Last week's trip to Northern Ireland and the United Kingdom for Rep. Tim Murphy was a walk in the park compared to the Pennsylvania Republican's Thanksgiving journey to Iraq.

You might recall that Murphy suffered a cut above his right eye and pain in his neck, arms and back after he and Rep. Ike Skelton, Missouri Democrat, were injured while traveling on a back road to the Baghdad airport. An approaching vehicle had sideswiped their armored minivan, causing it to topple over.

Murphy, who is 53, and Mr. Skelton, the 73-year-old ranking Democrat on the House Armed Services Committee, were both hospitalized in Germany. Injuries to the latter lawmaker might have been more severe were it not for fellow Democratic Rep. Jim Marshall of Georgia, who had grabbed hold of Skelton - who has little use of his arms due to polio - as the bus rolled over.

Lara Battles, a spokesman for Skelton, told The Beltway Beat that the congressman remained in his district during this past month's recess and is "now doing fine."


Outside of divorce court, one normally doesn't draw attention to mean things people say about them. Then again, Ann Coulter doesn't even consider herself normal.

The popular right-wing political commentator has taken four separate insults fired in her direction and is using them to point out why people should subscribe to Human Events, a conservative publication she calls her "editorial home." Without further ado:

- "As a pundit, Ann Coulter is about on a par with Charles Manson." (Eric Alterman, the Nation)

- "She's cute, blonde, mini-skirted, mean as a warthog and somewhere to the right of Genghis Khan." (Caryl Rivers, Women's ENews)

- "Ann Coulter displays all the feminine warmth of a water moccasin." (Gene Lyons, Arkansas Democrat-Gazette)

- "Coulter and her brood should be treated like spoiled brats. ... Put them over the knee, paddle their fannies." (Charles Taylor, Salon)


Vice President Dick Cheney should take solace that he's not the only American who suffers from gout. Literally dozens of Beltway Beat readers from all over the country have written testimonials to their pain and suffering, most centered in their big toes.
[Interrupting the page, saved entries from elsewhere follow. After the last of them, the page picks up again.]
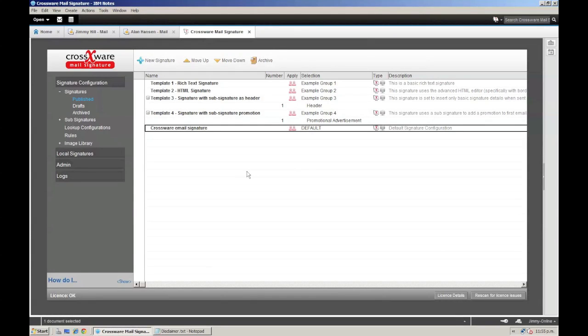Hello and welcome, it's Rob Hollier here from Crosswear Mail Signature. In this demo, I'm going to show you how you can create multiple signatures and apply them to different departments within your company.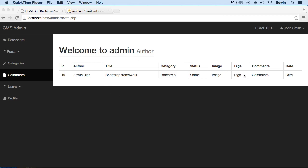Alright, so we got a table done here, but we need to bring in some data to show it here, to display it from our database, from our table inside our database.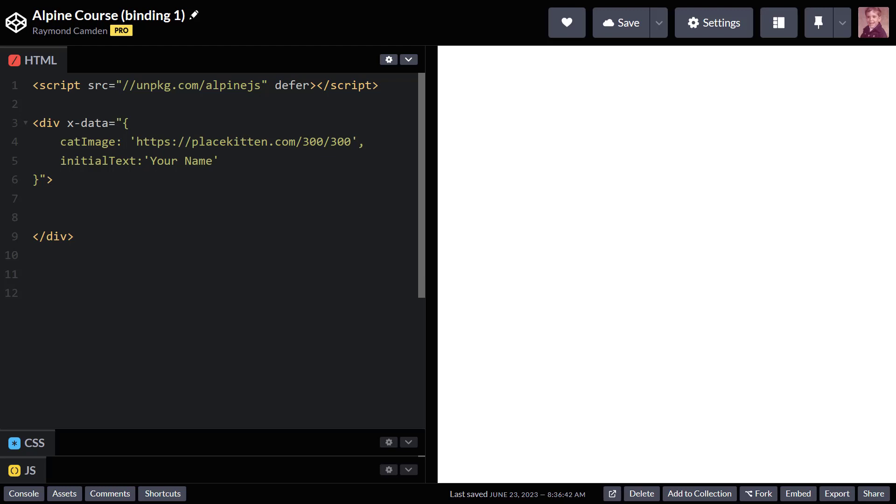All right, so in the last few videos I talked about how to render content, as well as how to handle conditionals and how to loop over data. Now we're going to go a bit more deep and talk about attribute binding.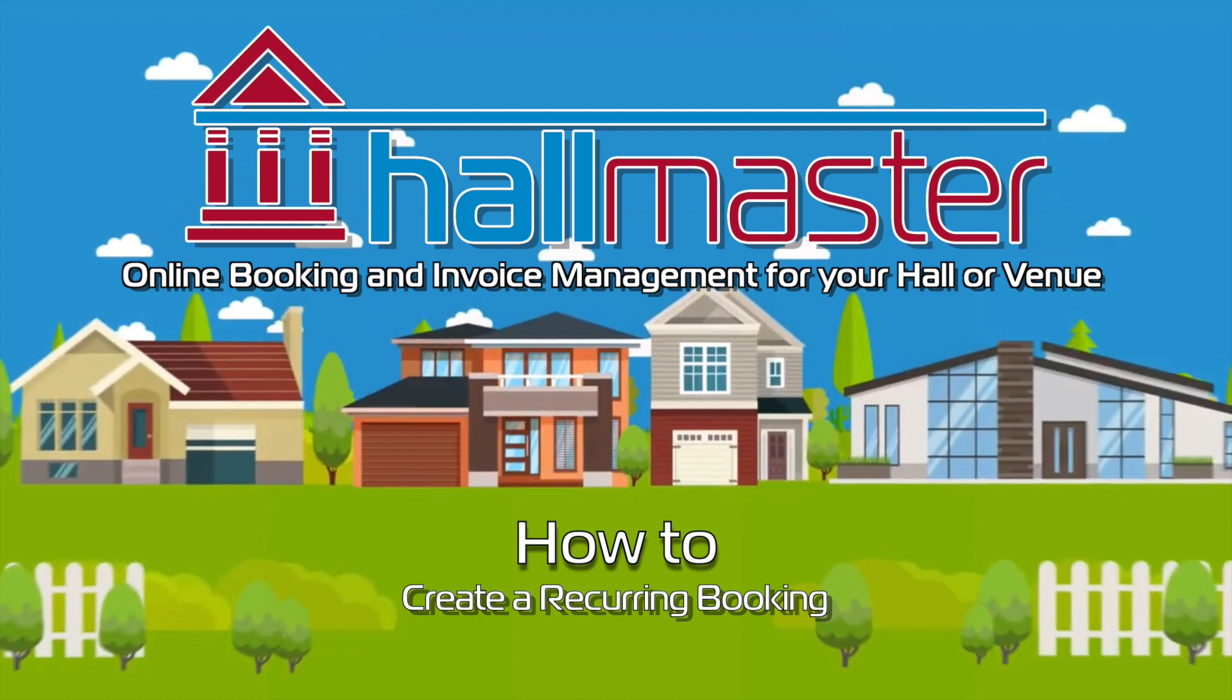Hi there! In this video, we'll be showing you how you can create a recurring booking in your Hallmaster account in an easy-to-follow step-by-step process. Let's get started!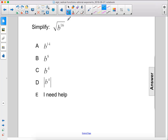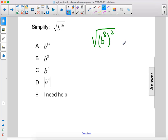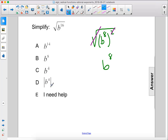Simplify. The square root of b to the 16th power can be rewritten as b to the 8th power squared. So then the square root and the square cancel, leaving us with b to the 8th power. Because 8 is an even number, we don't need absolute value bars. The answer is b to the 8th.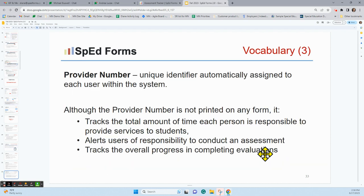The final vocabulary term is 'provider number.' Every single person across the state of Minnesota has a unique identifier associated with SpedForms. You don't see it printed on any form, but it works in the background — it tracks the total time each person is responsible for students, alerts users of responsibility to conduct an assessment if using the assessment tracker, tracks progress during evaluations, and helps pull numbers for time-spent reports. When asked for, the provider number is very important.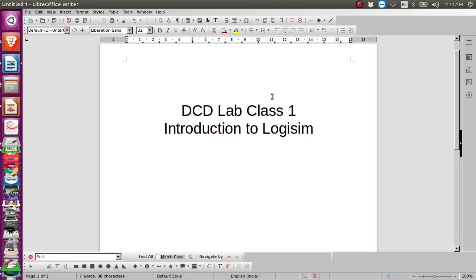Welcome to today's class. Today's class will be an introduction to Logisim. Logisim is a tool that allows us to design logic circuits and perform simulations, and this is a tool that we will use for our lab class.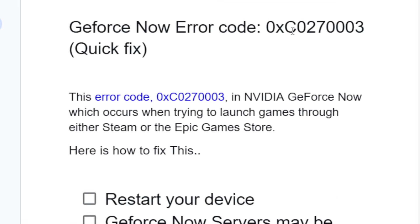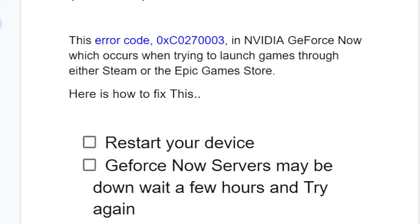If you get the error code 0xc0270003 when trying to launch games, then in this tutorial I will guide you on how to fix this problem. This error code occurs in NVIDIA GeForce Now when trying to launch games through either Steam or the Epic Games Store. To fix this issue is actually very easy.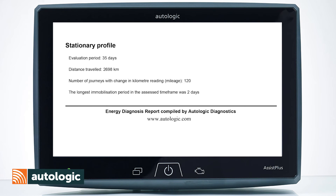Last of all we have the stationary profile. Over an evaluation of 35 days, it will show you the distance travelled and the number of journeys that the mileage has changed.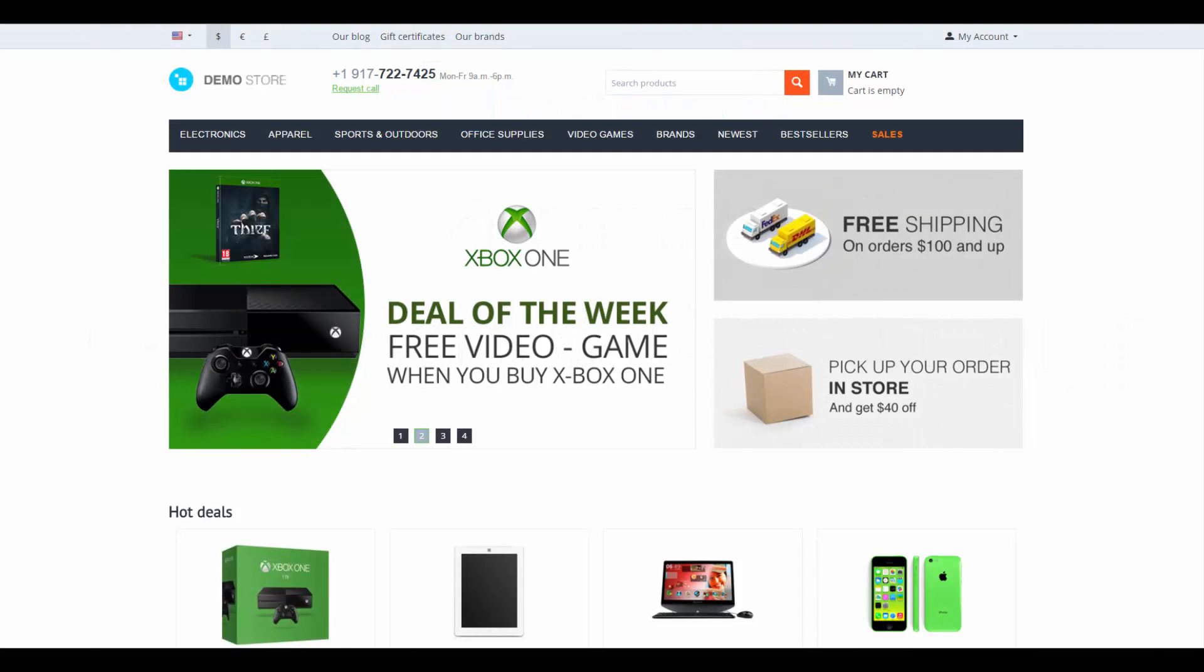Hello and welcome to the CS-Cart video tutorial. My name is Alex and in this video we're going to learn how to work with customer accounts and make the most out of the user groups functionality. Let's begin.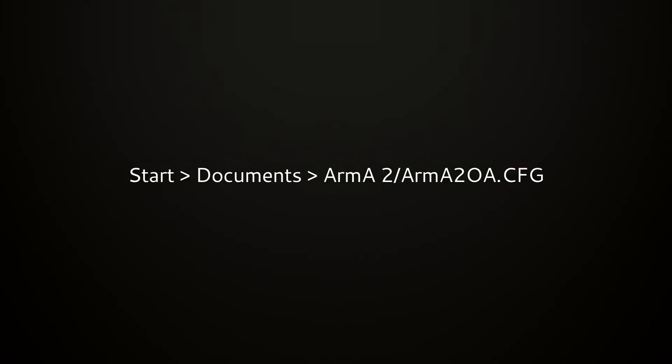First you need to go to Start and select Documents. In Documents you'll see a folder called Arma 2. Select that.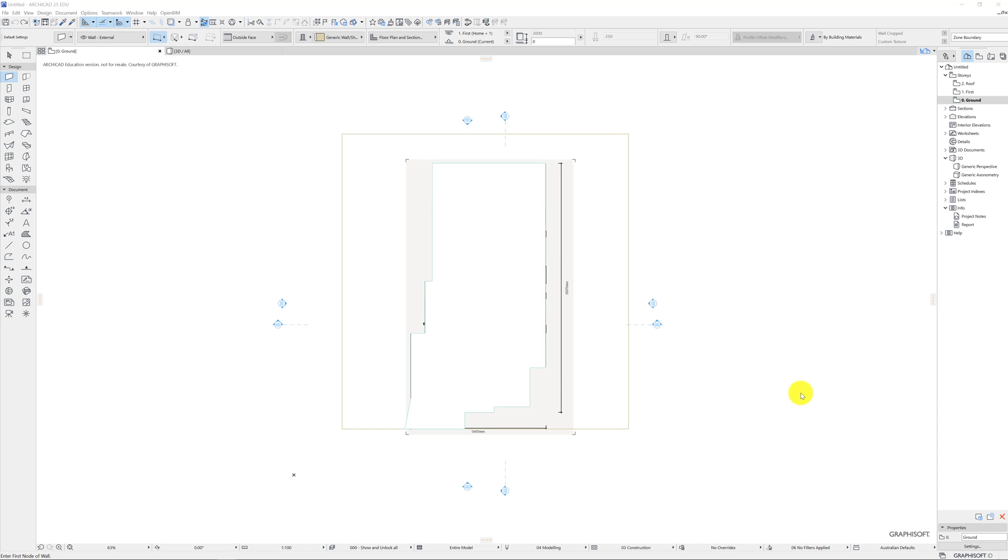G'day, in this video tutorial I'm going to show you in ArchiCAD 25 how we do walls and doors and windows on our project that we started in the last video. I'm going to show every little bit, the hope is I'll show you enough so that you can then go off and do it.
Dr. George W. Marcom of Houston says our allusion to the "King's Disease" reminds him of a celebrated medical story.

"In the 18th century, the British felt the need to be less dependent on the French for imports, and this led to their turning to Portugal for their wine," he educates. "And a favorite, especially for King George, was Madeira port. Madeira port is aged in lead-lined casks.

"The combination of acid and alcohol is a fine way to leach lead from the lining, and as a result George had an ample source of dietary lead, and he did, in fact, develop chronic lead poisoning. His courtesans aped his preference, and the popularity of Madeira port percolated down to the gentry. Since George was the exemplar of the problem, it became known as the King's Disease . . .

"This illness was known to the Romans, they just didn't understand the cause.  They called it Saturnine gout, after the ill-tempered god who ate his own children."